(Dataset)
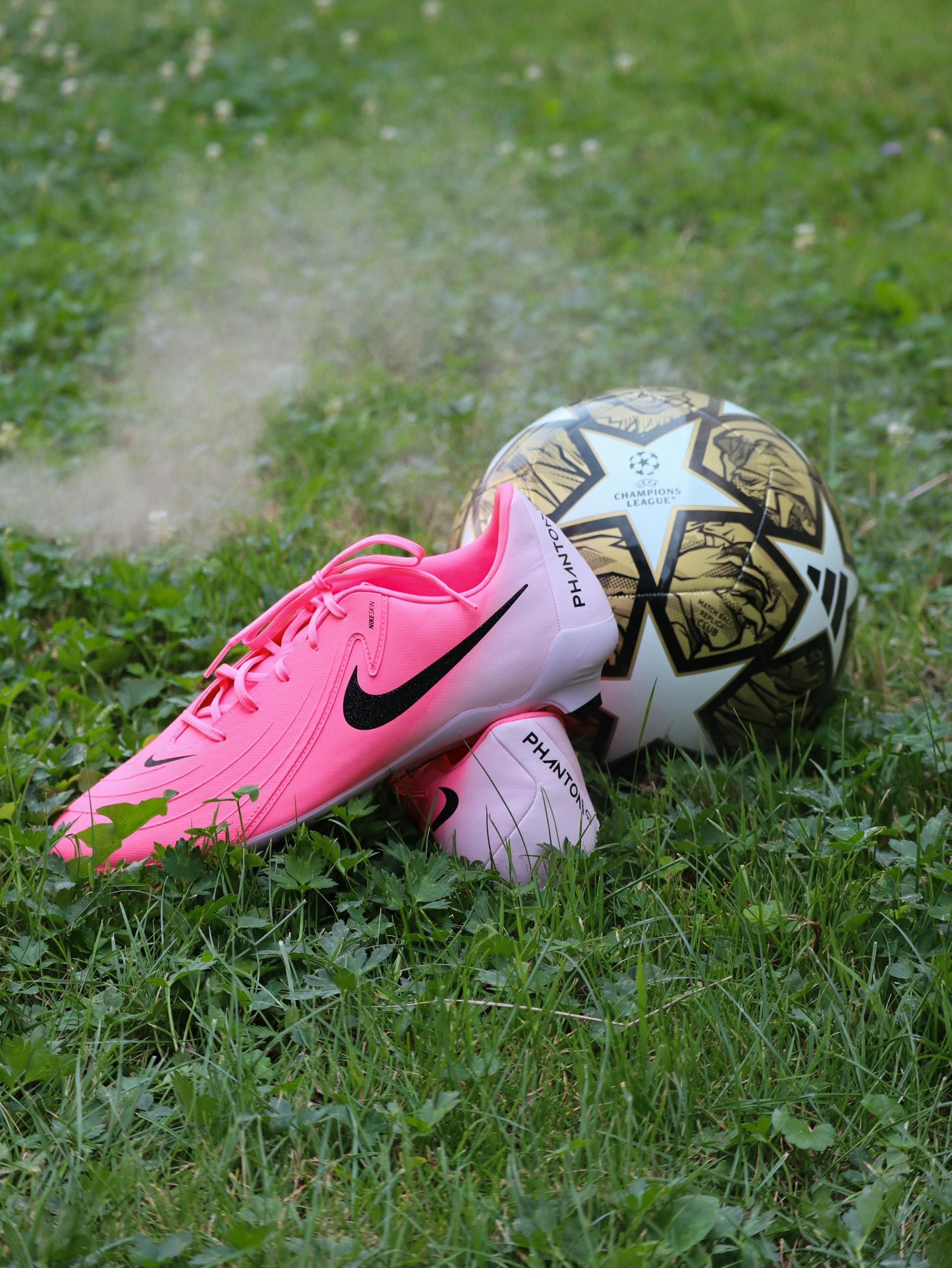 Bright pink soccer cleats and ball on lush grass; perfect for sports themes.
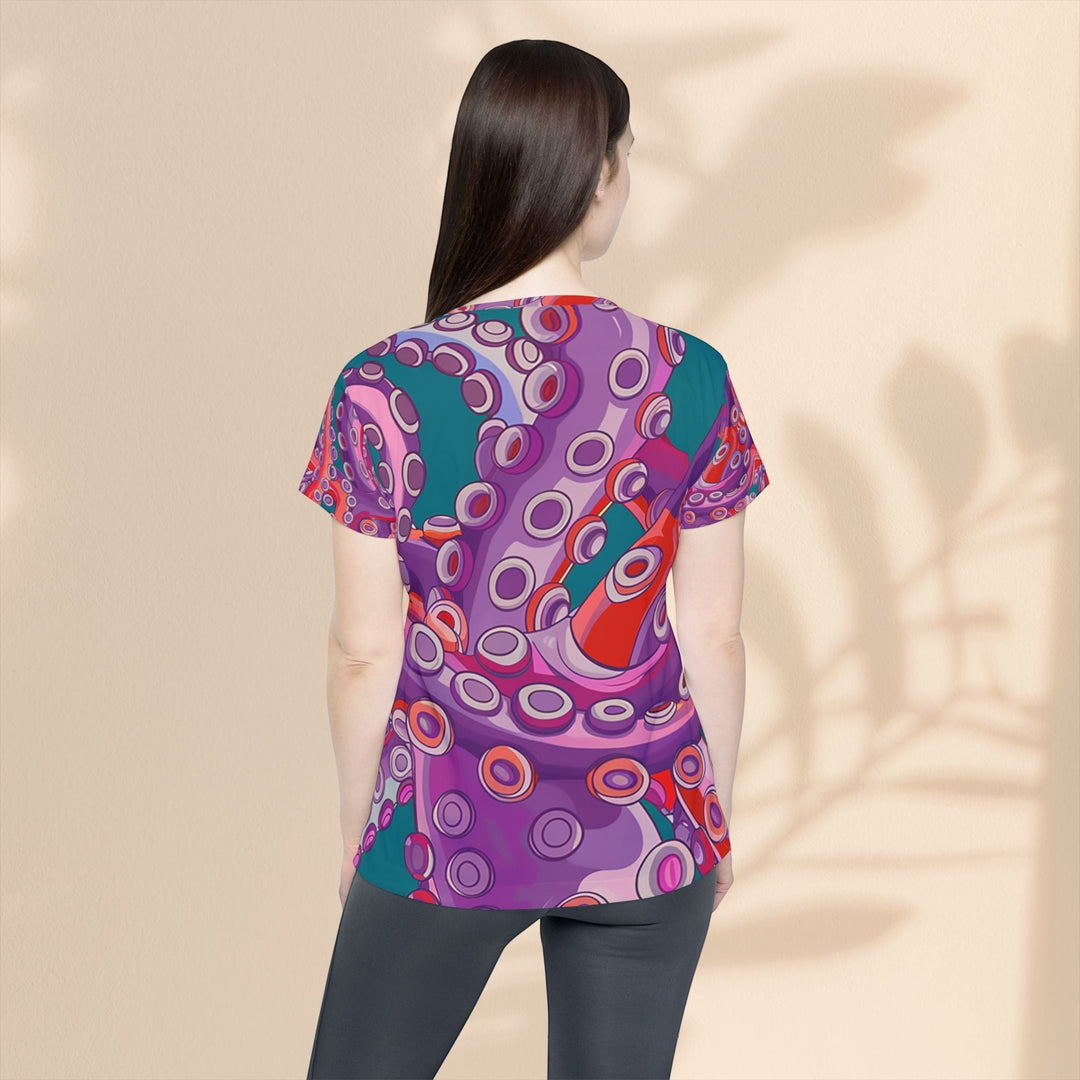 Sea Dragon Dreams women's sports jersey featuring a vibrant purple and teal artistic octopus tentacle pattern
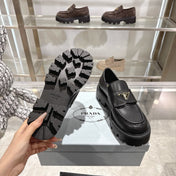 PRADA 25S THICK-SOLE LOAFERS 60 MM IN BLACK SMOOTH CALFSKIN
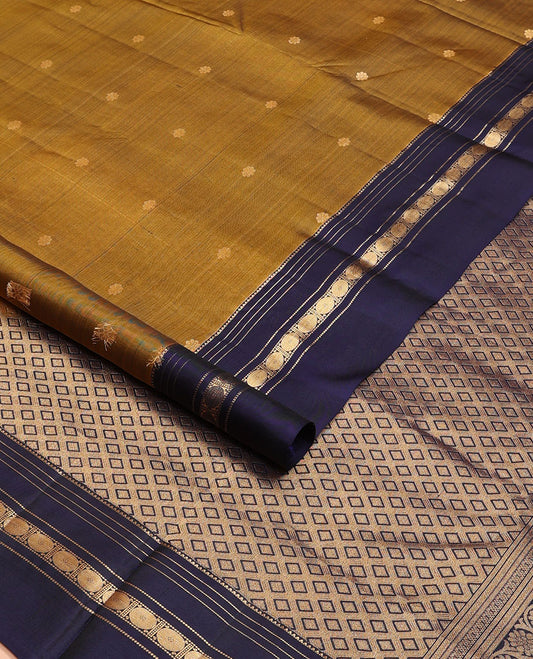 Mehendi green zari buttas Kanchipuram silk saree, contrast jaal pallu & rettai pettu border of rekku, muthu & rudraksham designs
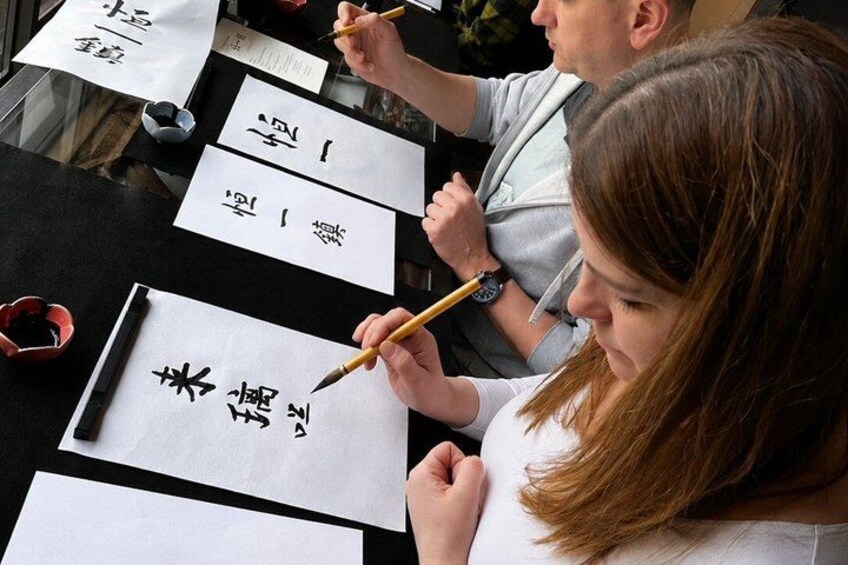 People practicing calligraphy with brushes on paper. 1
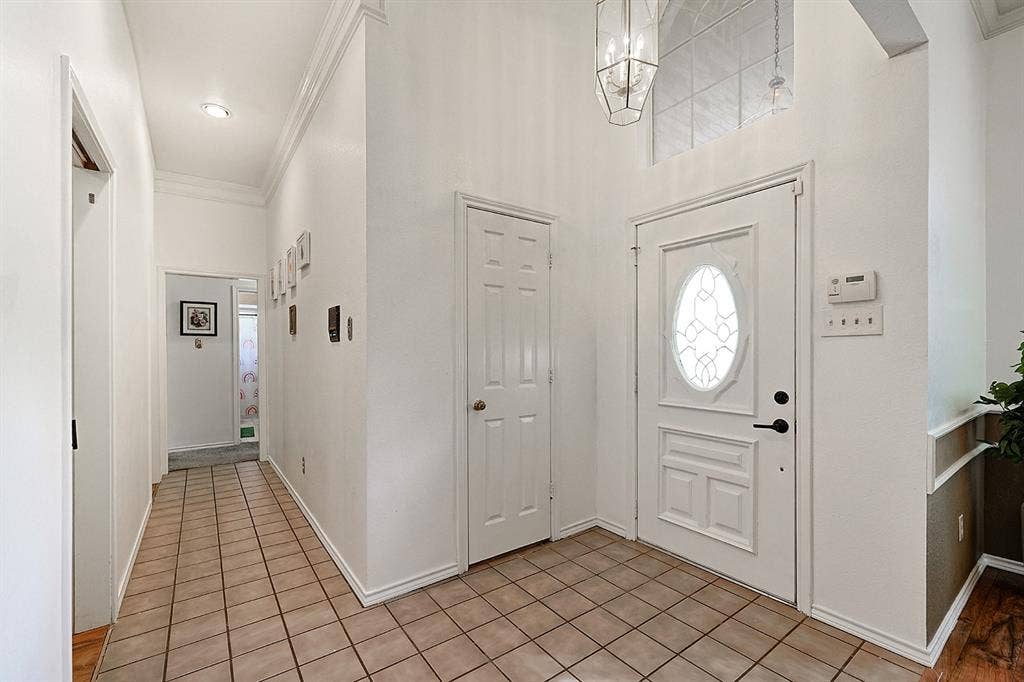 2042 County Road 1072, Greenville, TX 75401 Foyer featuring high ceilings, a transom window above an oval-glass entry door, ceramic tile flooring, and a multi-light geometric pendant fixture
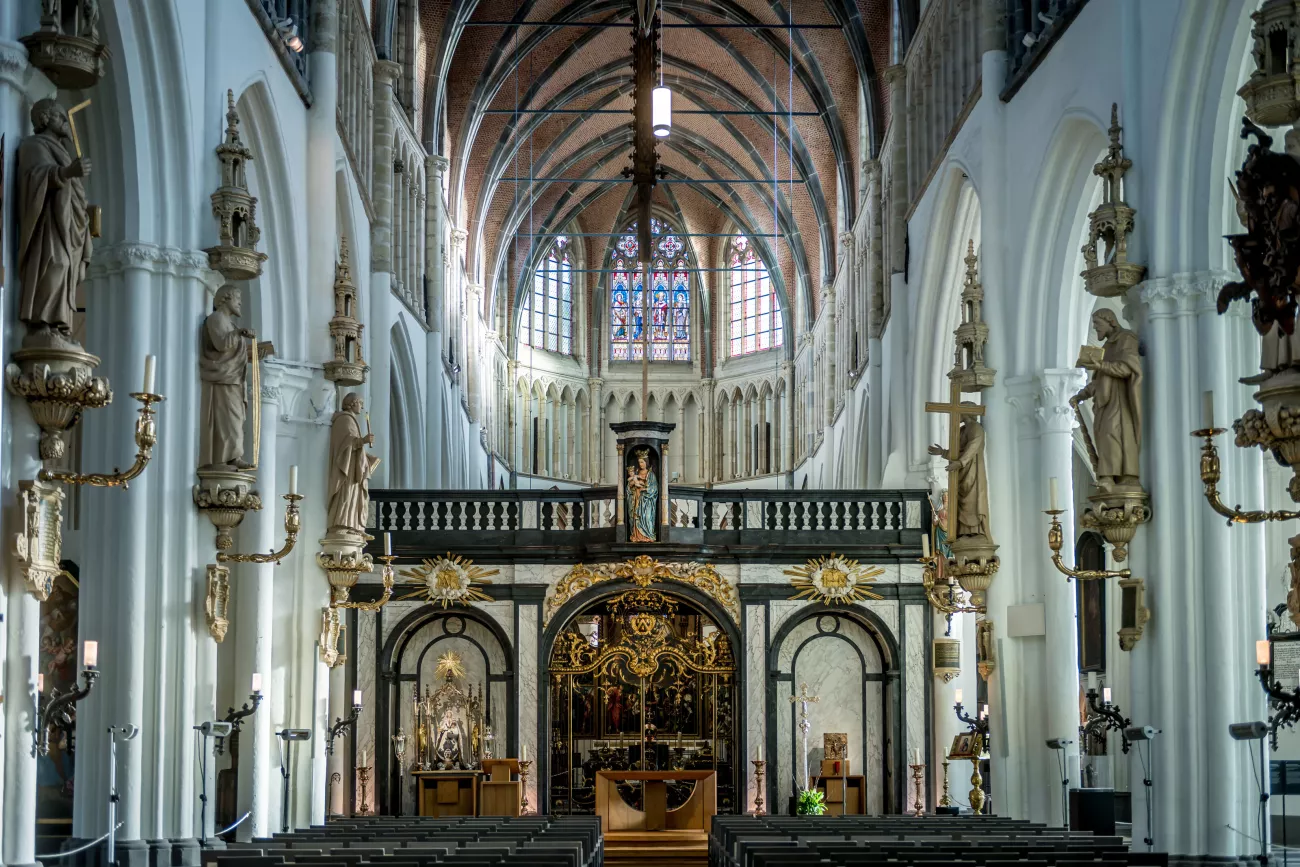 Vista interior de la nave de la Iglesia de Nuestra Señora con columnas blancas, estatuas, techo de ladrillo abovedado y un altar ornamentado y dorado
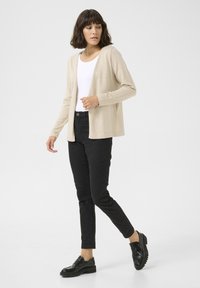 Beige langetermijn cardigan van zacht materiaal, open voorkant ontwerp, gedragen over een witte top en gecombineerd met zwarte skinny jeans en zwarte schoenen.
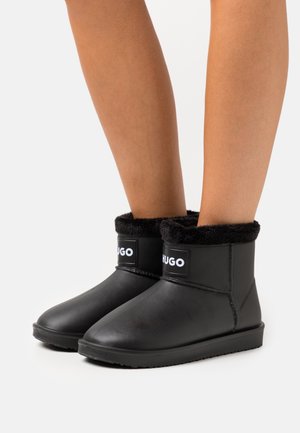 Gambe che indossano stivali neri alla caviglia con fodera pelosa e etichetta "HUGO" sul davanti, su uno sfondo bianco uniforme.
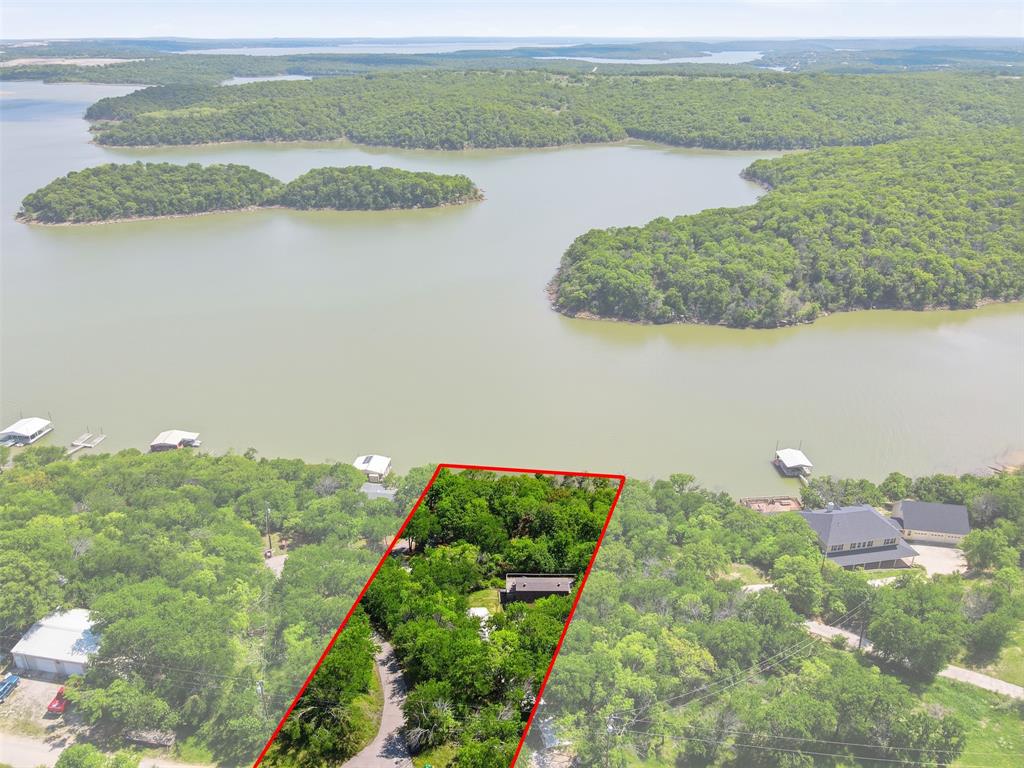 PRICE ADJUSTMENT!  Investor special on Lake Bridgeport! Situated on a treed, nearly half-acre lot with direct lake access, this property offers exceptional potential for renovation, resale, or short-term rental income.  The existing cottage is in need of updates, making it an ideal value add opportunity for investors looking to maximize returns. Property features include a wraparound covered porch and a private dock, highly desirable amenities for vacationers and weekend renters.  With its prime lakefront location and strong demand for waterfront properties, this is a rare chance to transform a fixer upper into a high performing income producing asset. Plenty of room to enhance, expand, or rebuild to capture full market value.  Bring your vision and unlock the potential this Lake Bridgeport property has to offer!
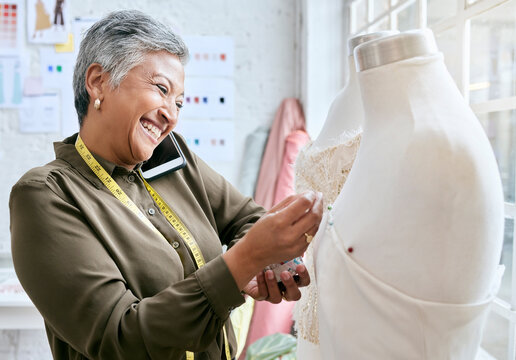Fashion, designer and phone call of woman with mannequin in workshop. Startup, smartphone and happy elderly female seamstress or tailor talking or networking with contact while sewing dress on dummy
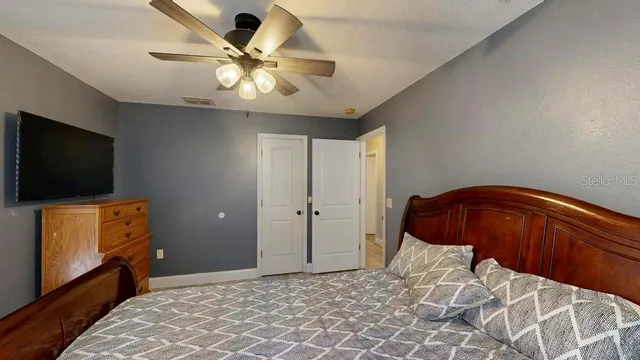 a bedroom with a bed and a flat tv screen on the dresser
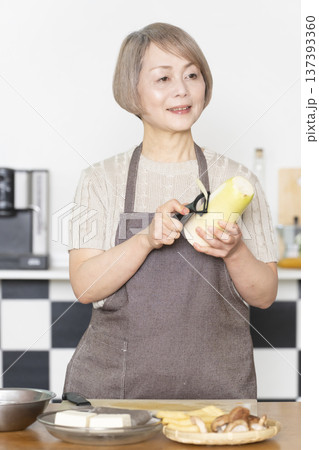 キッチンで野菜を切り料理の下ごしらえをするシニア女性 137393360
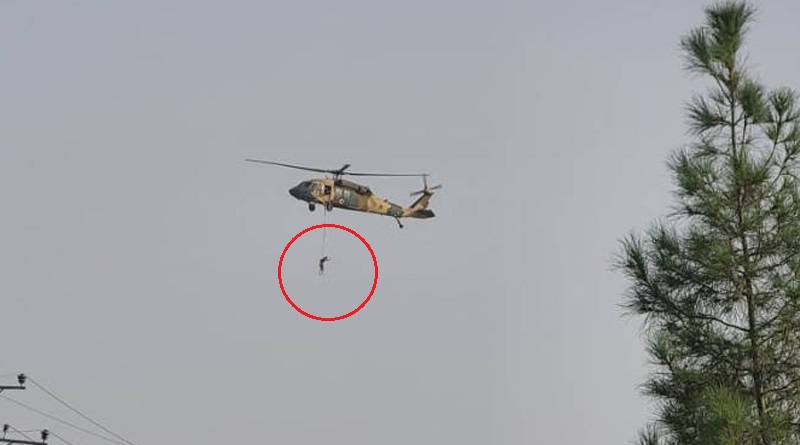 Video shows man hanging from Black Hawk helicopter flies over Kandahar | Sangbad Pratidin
(End Dataset)
[Work required]:
Copy the lines exactly. Start at the line with "キッチンで野菜を切り料理の下ごしらえをするシニア女性 137393360", end at the last line above, include both, and omit all pictures.

[Response to this exercise]:
 キッチンで野菜を切り料理の下ごしらえをするシニア女性 137393360
 Video shows man hanging from Black Hawk helicopter flies over Kandahar | Sangbad Pratidin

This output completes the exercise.